Required work: From the line holding "Boho Feathers Bottle" through the line holding "Artificial nail set" below, write out every line exactly; include both of those lines and drop the pictures.

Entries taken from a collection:
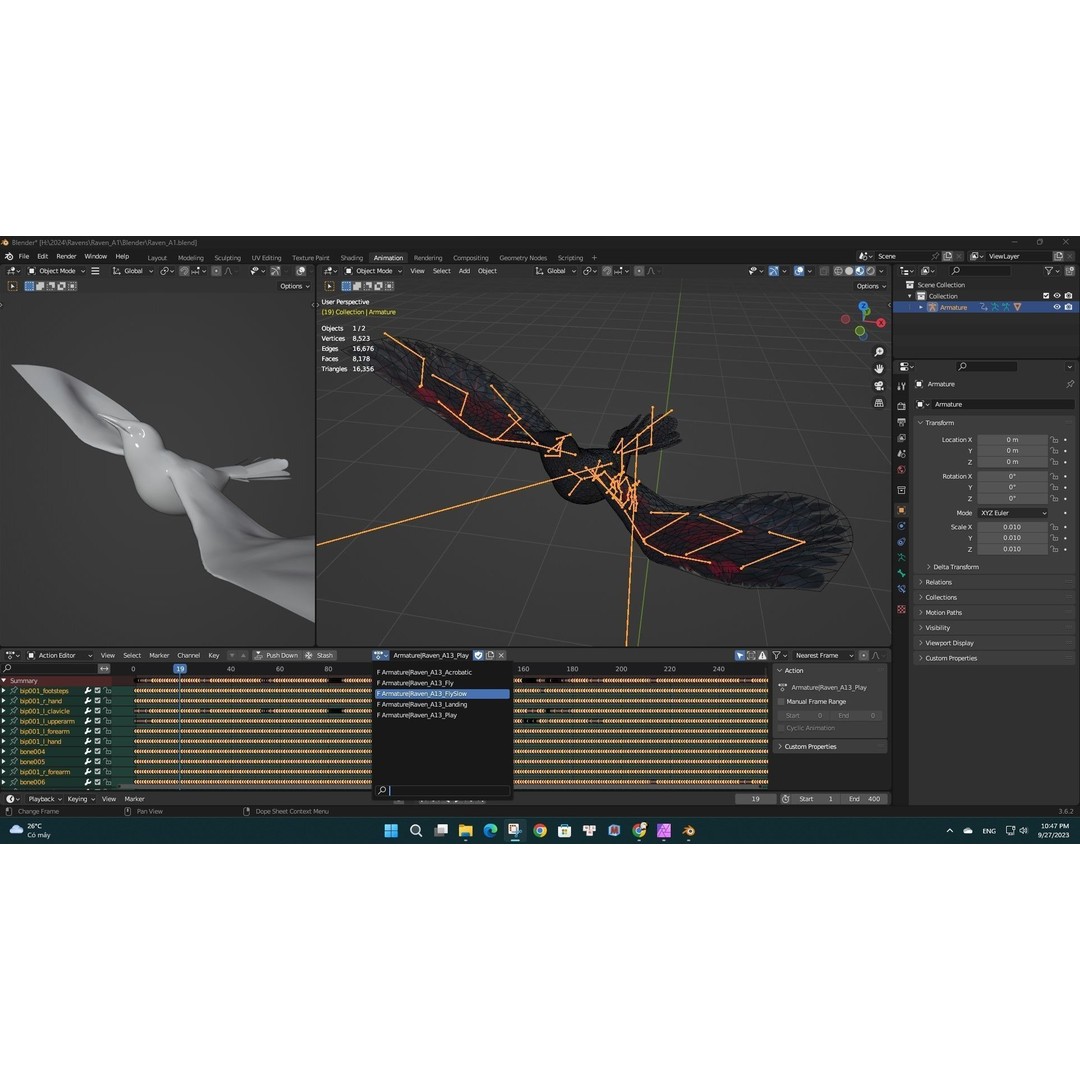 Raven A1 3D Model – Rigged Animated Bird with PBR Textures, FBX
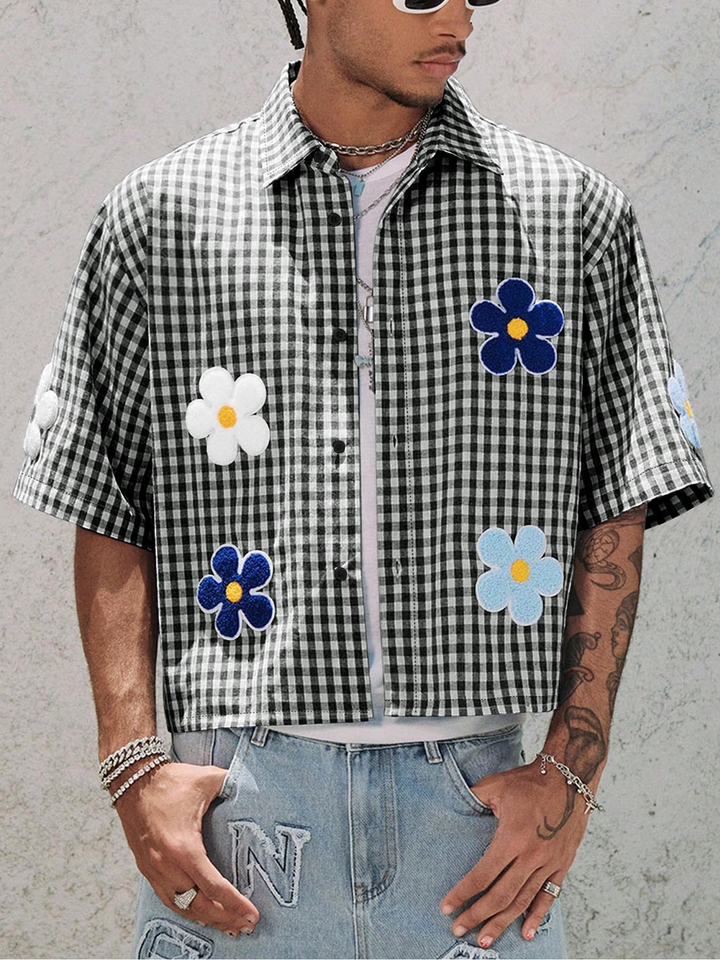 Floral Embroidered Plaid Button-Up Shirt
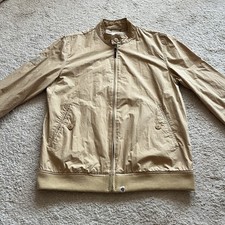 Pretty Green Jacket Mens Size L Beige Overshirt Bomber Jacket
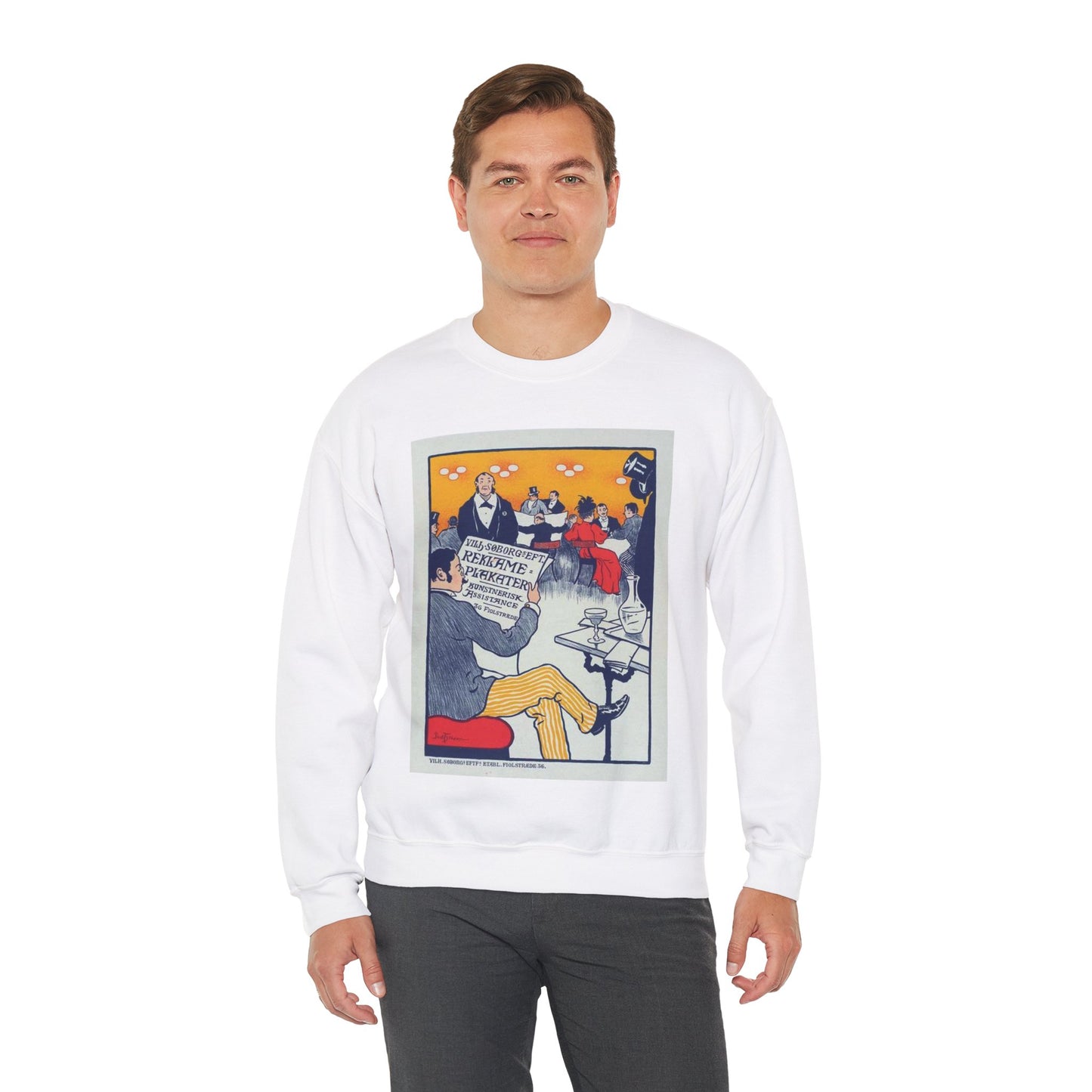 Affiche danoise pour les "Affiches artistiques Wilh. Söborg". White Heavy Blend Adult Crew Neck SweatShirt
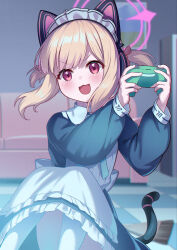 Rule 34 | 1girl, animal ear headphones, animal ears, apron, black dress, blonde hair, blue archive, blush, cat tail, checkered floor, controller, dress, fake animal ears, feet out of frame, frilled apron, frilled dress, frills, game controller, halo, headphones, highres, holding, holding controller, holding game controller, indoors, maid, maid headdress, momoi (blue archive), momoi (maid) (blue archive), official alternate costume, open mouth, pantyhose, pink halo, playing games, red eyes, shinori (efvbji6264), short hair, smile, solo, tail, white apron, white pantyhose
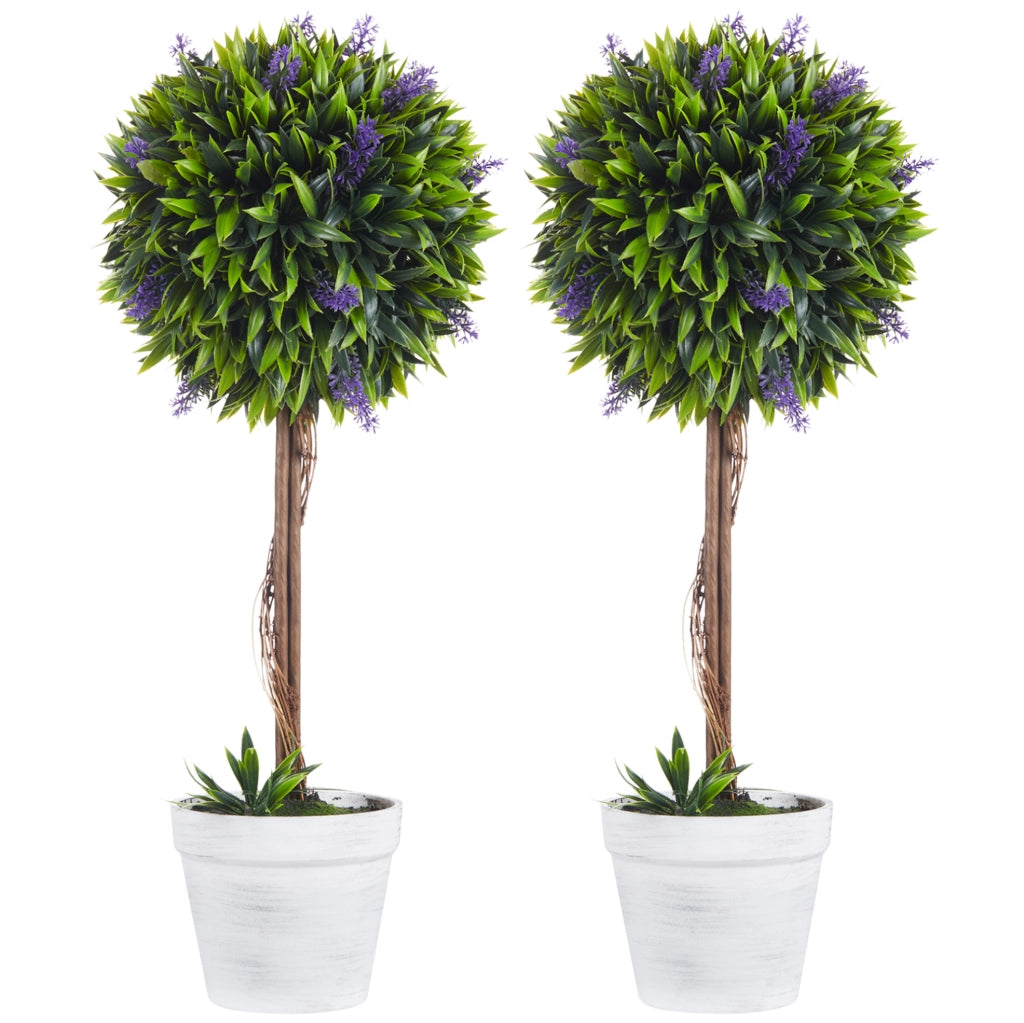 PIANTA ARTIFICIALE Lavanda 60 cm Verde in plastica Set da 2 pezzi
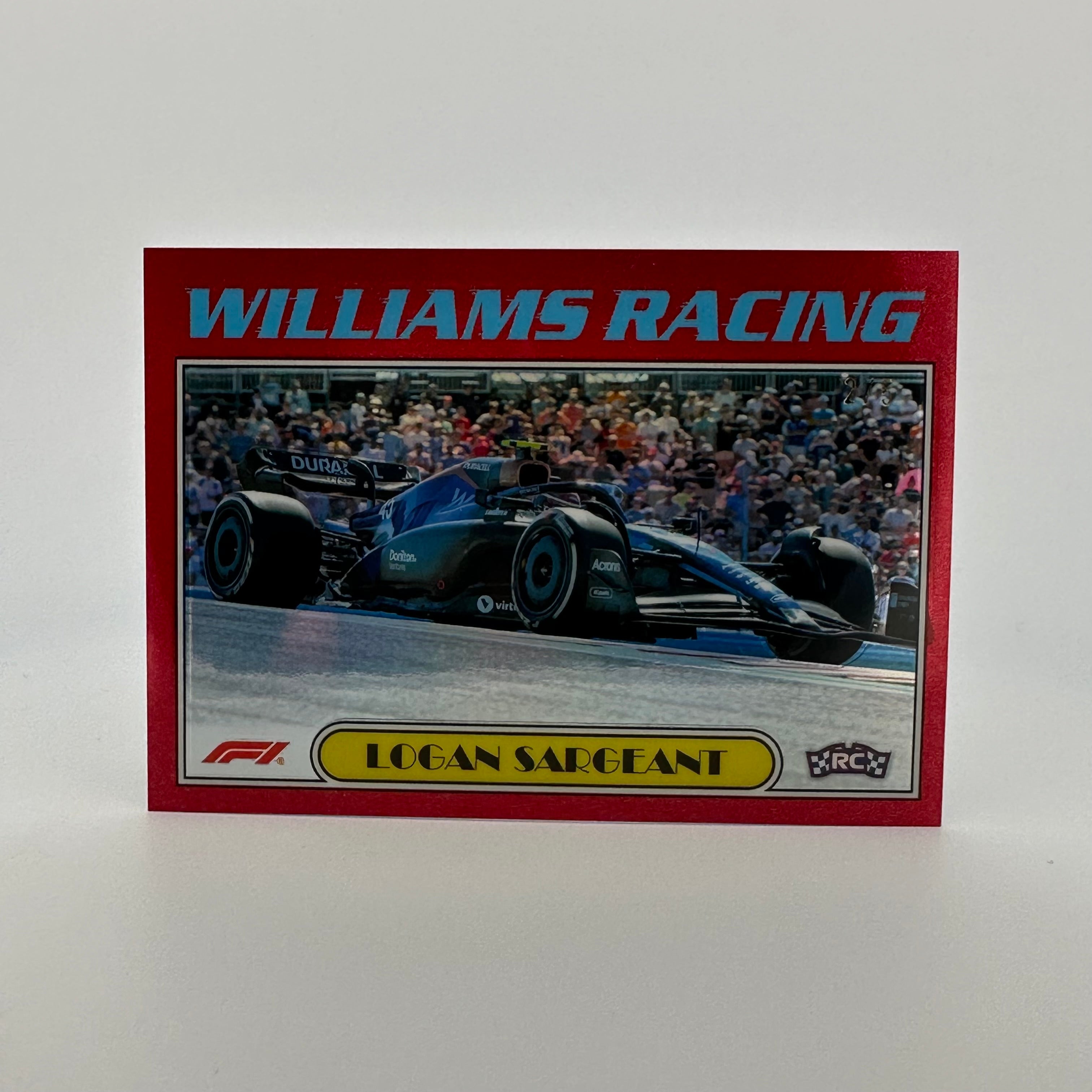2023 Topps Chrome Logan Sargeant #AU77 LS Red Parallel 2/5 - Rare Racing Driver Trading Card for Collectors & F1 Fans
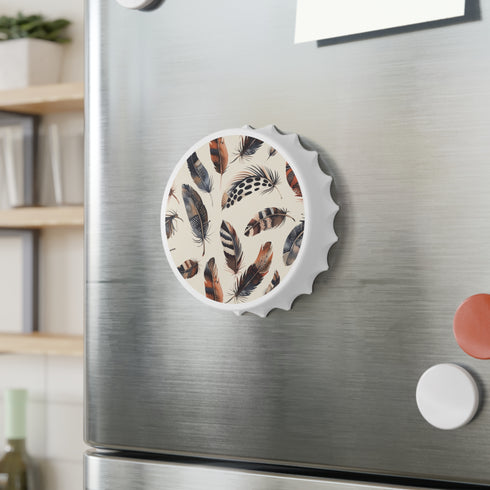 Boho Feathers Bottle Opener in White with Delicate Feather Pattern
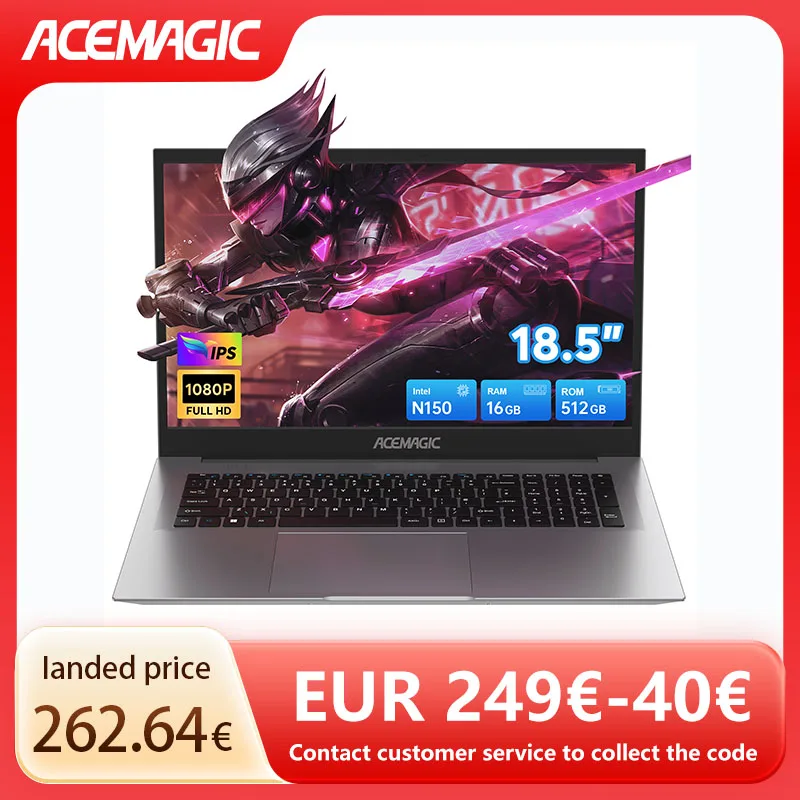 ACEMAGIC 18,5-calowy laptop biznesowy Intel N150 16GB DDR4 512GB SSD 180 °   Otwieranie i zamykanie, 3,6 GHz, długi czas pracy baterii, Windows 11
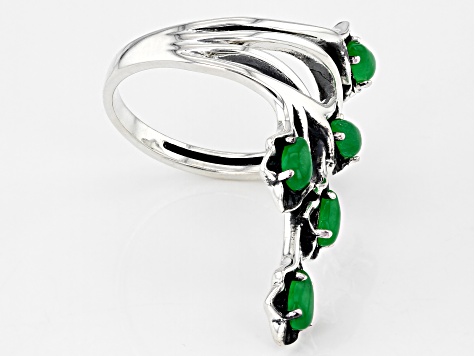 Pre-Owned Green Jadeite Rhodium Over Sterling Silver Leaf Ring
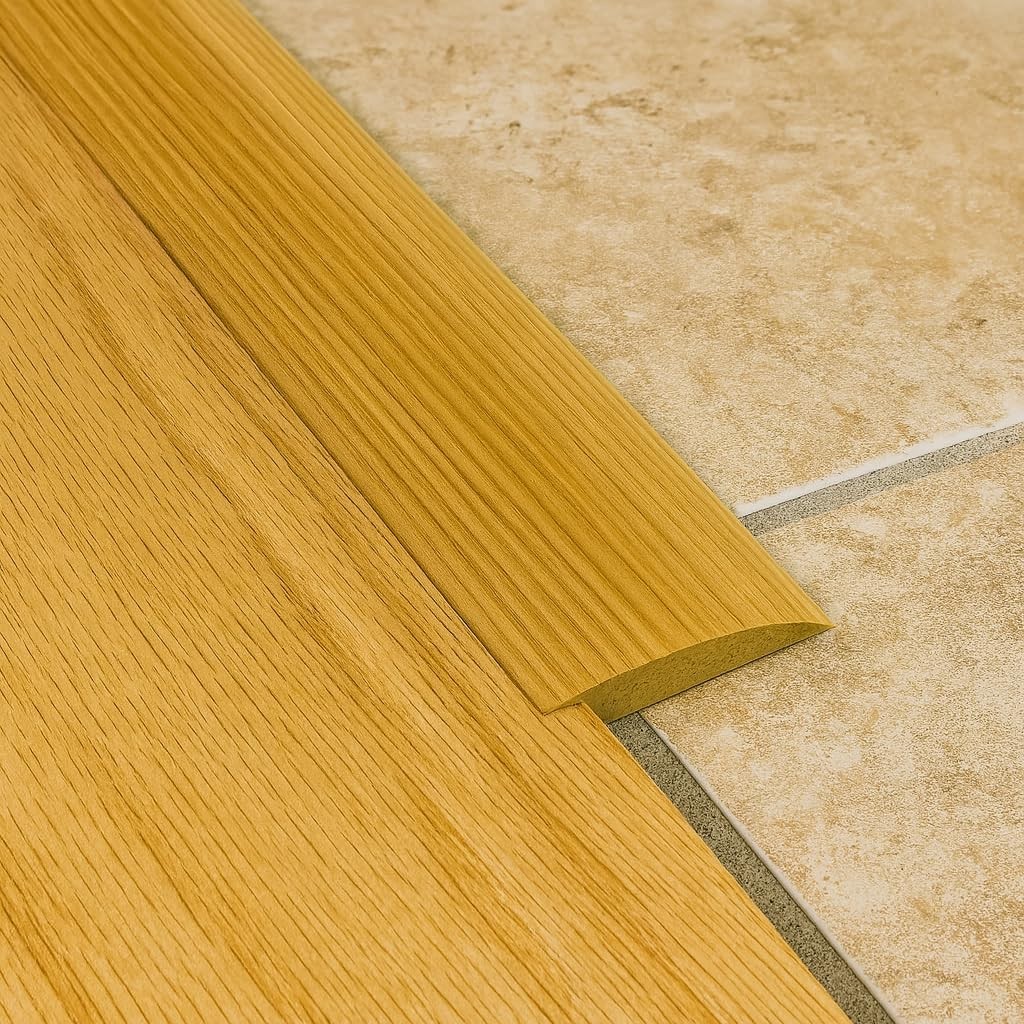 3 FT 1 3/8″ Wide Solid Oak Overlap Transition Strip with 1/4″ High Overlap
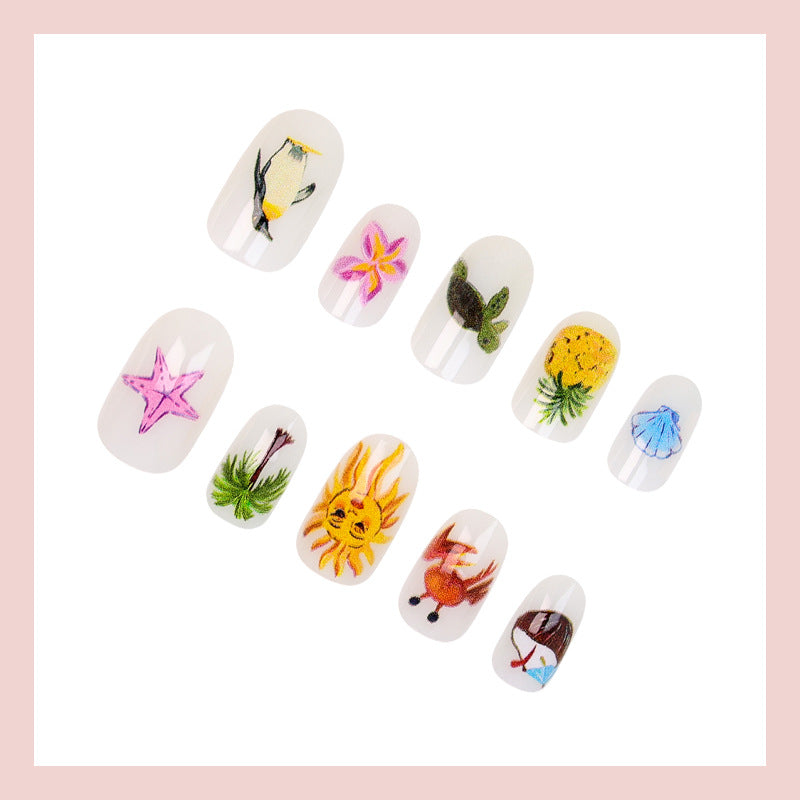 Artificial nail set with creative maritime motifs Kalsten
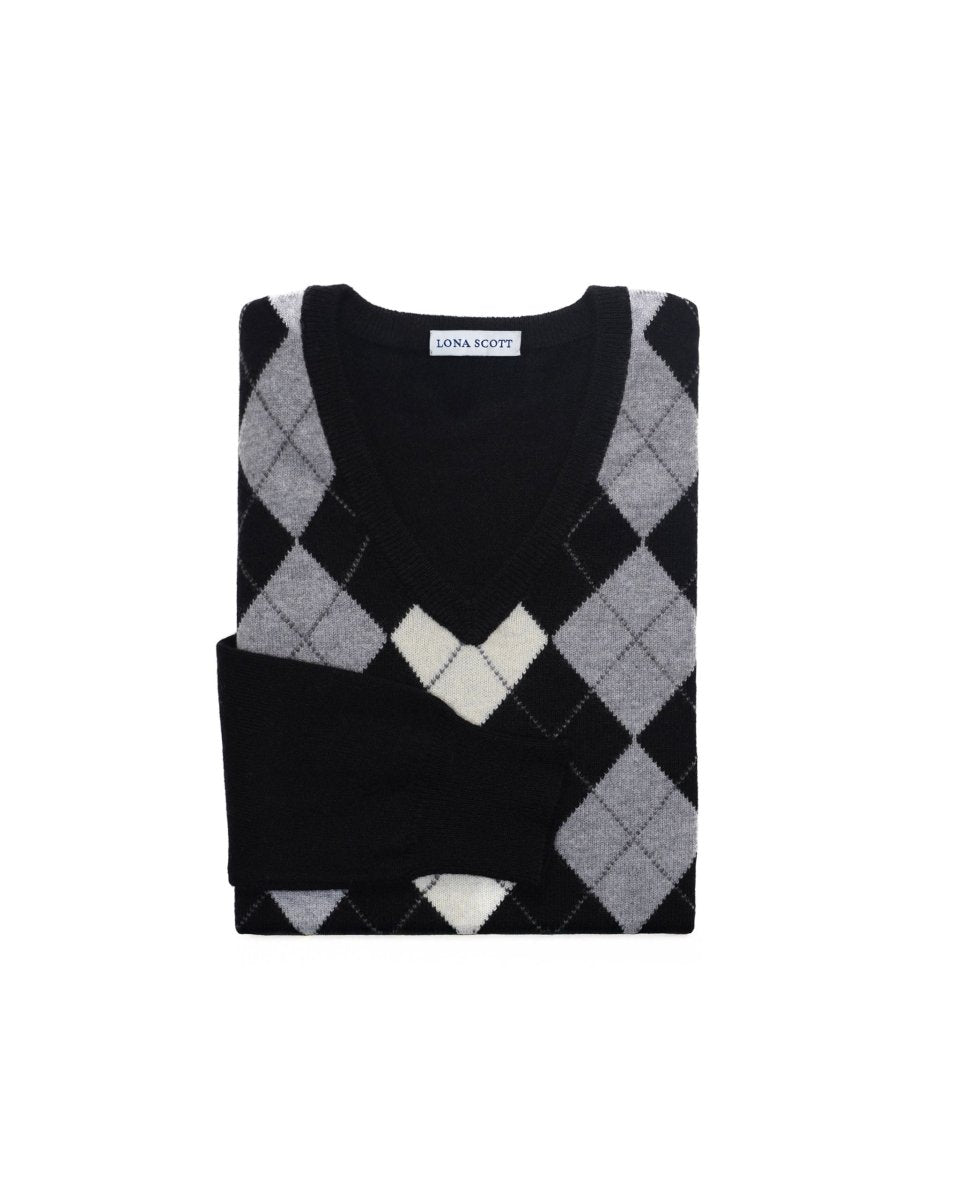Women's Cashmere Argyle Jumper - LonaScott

Written reply:
 Boho Feathers Bottle Opener in White with Delicate Feather Pattern
 ACEMAGIC 18,5-calowy laptop biznesowy Intel N150 16GB DDR4 512GB SSD 180 °   Otwieranie i zamykanie, 3,6 GHz, długi czas pracy baterii, Windows 11
 Pre-Owned Green Jadeite Rhodium Over Sterling Silver Leaf Ring
 3 FT 1 3/8″ Wide Solid Oak Overlap Transition Strip with 1/4″ High Overlap
 Artificial nail set with creative maritime motifs Kalsten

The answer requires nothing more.